Ride Quality and Brakes
Within the realm of what it's supposed to be –– a cruiser –– the Sixty's suspension performs admirably well, especially considering its price tag. On good, fair, or decent roads it handles imperfections with relative ease. Lean angle is generous enough that standard curves are welcomed and enjoyed.
But things get downright hectic when you push beyond those happy boundaries. Whacking into potholes will leave you struggling to stay in your seat, taking sharp corners with too much gusto will shred the pegs and put you in a panic.
That's what people always say about cruisers, though, and I feel the need to stress that these faults present themselves later than they would on, say, a Harley-Davidson Sportster, Yamaha Bolt (aka XV-950), or Triumph America. The problem is that the Sixty's engine is so much better than in any of the bikes I just mentioned. It wants to play. And that creates situations where the Sixty can suffer an identity crisis.
"Let's go, baby! Let's do this!" the engine will say as you power hard toward a bend in the road.
"Sweet Lord in heaven! What is wrong with you?!" the suspension will yelp as you go all kinds of wrong in said bend.
In other words, if you limit the Sixty to the sort of activity it was designed for, everything will be fine. Its fantastic engine will sometimes make that difficult.
The engine's being liquid cooled means no heat is felt on the legs, even when sitting still in heavy city traffic. However, I wonder if a passenger would be as happy; the Sixty's pipes get pretty hot. The plus side is that the bike still makes that air-cooled "tink-tink-tink" noise when you shut it off after a long ride. I loved this aspect of the Sixty and if Indian did it on purpose I think its engineers are geniuses for accomplishing this level of old-school feel on a modern bike.

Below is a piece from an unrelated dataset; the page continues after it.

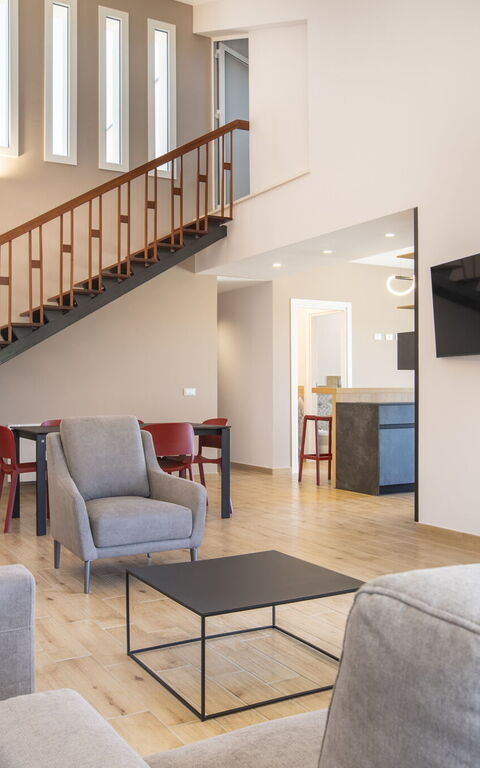 Villa Aversa: Frokostlokale, Stue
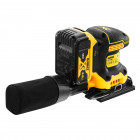 Image du produit : Ponceuse Dewalt 1/4 de feuille - XR - sans fil - 18 Volts - brushless - 2 batteries Dewalt 5Ah | DCW200P2-QW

The balloon-like Indian-branded Kenda tires are something I'd look forward to replacing if I owned a Sixty (which I've been seriously considering). They've earned a particularly bad reputation amongst British moto-journalists because they lack feel and grip in the wet. Having ridden the Sixty in Britain and Ireland I can confirm the tires' wet-weather inadequacy, but will say they aren't as bad as expected.
The Sixty feels far more flickable than it looks, but also suffers a bicycle-like "floatiness" at speeds in excess of the legal limit. Not so much, however, that I would describe it as unsteady or worrying.
Brakes, meanwhile, are adequate. Especially within the aforementioned boundaries. You won't be doing any stoppies with the single-disc front brake, but I suffered no panics. In Europe, the Sixty is equipped with a rudimentary anti-lock braking system that is about as unobtrusive as ABS can be. Indian does not yet offer the feature on bikes sold in the United States, but I reckon it's only a certain amount of time until they do. And I'll bet the feature will be retrofittable.
The Sixty weighs a hell of a lot when you're muscling it around a driveway –– especially if that driveway has an incline. On the move, though, the weight is no hassle thanks to a low center of gravity. Filtering (aka lane splitting) is easy. I mean, really, really easy. Off the top of my head, I can't think of a motorcycle I've ridden that's more effective at navigating through thick traffic. Though I wouldn't complain if the clutch lever were a little less stiff.